(Records from a data source)

[Start of Attachment]

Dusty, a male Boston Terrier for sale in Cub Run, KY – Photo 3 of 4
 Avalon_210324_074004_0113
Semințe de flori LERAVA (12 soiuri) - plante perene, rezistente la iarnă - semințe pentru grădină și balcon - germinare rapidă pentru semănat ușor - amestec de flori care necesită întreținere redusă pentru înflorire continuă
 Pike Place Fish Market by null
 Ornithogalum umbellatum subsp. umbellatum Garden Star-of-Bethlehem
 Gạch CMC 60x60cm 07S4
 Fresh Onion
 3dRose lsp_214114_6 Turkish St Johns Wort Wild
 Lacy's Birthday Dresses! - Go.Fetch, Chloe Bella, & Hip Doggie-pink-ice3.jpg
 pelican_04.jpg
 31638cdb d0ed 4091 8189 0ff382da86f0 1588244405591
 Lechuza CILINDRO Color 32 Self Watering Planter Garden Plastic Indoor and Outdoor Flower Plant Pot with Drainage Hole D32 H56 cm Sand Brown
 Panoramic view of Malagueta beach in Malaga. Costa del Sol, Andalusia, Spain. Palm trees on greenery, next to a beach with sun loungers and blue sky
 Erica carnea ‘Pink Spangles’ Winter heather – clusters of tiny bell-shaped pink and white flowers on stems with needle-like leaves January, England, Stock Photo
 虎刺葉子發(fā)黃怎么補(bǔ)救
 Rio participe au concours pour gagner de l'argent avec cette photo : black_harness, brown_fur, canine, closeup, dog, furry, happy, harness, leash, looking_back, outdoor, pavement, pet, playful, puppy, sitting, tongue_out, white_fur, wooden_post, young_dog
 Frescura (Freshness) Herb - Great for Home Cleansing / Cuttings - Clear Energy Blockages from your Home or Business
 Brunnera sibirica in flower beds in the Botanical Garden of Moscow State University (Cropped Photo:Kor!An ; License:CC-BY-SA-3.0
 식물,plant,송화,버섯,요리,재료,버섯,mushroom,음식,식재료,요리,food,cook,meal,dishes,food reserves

[End of Attachment]

WHAT YOU NEED TO DO »
What is needed is an exact transcription of all the data.

SOLUTION TO THE PROBLEM »
Dusty, a male Boston Terrier for sale in Cub Run, KY – Photo 3 of 4
 Avalon_210324_074004_0113
Semințe de flori LERAVA (12 soiuri) - plante perene, rezistente la iarnă - semințe pentru grădină și balcon - germinare rapidă pentru semănat ușor - amestec de flori care necesită întreținere redusă pentru înflorire continuă
 Pike Place Fish Market by null
 Ornithogalum umbellatum subsp. umbellatum Garden Star-of-Bethlehem
 Gạch CMC 60x60cm 07S4
 Fresh Onion
 3dRose lsp_214114_6 Turkish St Johns Wort Wild
 Lacy's Birthday Dresses! - Go.Fetch, Chloe Bella, & Hip Doggie-pink-ice3.jpg
 pelican_04.jpg
 31638cdb d0ed 4091 8189 0ff382da86f0 1588244405591
 Lechuza CILINDRO Color 32 Self Watering Planter Garden Plastic Indoor and Outdoor Flower Plant Pot with Drainage Hole D32 H56 cm Sand Brown
 Panoramic view of Malagueta beach in Malaga. Costa del Sol, Andalusia, Spain. Palm trees on greenery, next to a beach with sun loungers and blue sky
 Erica carnea ‘Pink Spangles’ Winter heather – clusters of tiny bell-shaped pink and white flowers on stems with needle-like leaves January, England, Stock Photo
 虎刺葉子發(fā)黃怎么補(bǔ)救
 Rio participe au concours pour gagner de l'argent avec cette photo : black_harness, brown_fur, canine, closeup, dog, furry, happy, harness, leash, looking_back, outdoor, pavement, pet, playful, puppy, sitting, tongue_out, white_fur, wooden_post, young_dog
 Frescura (Freshness) Herb - Great for Home Cleansing / Cuttings - Clear Energy Blockages from your Home or Business
 Brunnera sibirica in flower beds in the Botanical Garden of Moscow State University (Cropped Photo:Kor!An ; License:CC-BY-SA-3.0
 식물,plant,송화,버섯,요리,재료,버섯,mushroom,음식,식재료,요리,food,cook,meal,dishes,food reserves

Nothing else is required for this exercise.